= Copyright performance =

The copyright performance of a play was a first public performance in the United Kingdom, staged purely for the purpose of securing the author's copyright over the text. There was a fear that, if a play's text was published, or a rival production staged, before its official preview or premiere, then the author's rights would be lost; to forestall these abuses, the practice arose of staging a copyright performance, which was notionally public, but in practice staged hastily before an invited audience with no publicity and no regard for the artistic quality of the acting or production. One legal authority wrote that such a performance, "though probably not necessary to fulfill any legal requirement, permits registration of first performance at Stationers' Hall and gives useful public notice to possible infringers." The practice was common in the decades after the Berne Convention of 1886; the United States was not a signatory, and plays first staged there were ineligible for copyright in the United Kingdom.

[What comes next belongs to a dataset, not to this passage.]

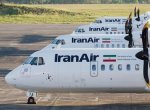 ایران ایر : هواپیما سنگین شده است، باقی مسافران را سوار نمی کنیم!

George Bernard Shaw's The Philanderer had a copyright performance hastily arranged in 1898 just before its publication in Plays Pleasant and Unpleasant. The play's more controversial scenes were cut from the performance to secure the approval required from the Lord Chamberlain, but restored in the printed version. Many less commercially viable plays were never performed other than in a single copyright performance. Novelists sometimes arranged copyright performances of dramatisations of their works; a single 1897 performance of Dracula enabled the widow of Bram Stoker to sue F. W. Murnau in 1922 when his unlicensed cinematic adaptation Nosferatu was shown in Britain.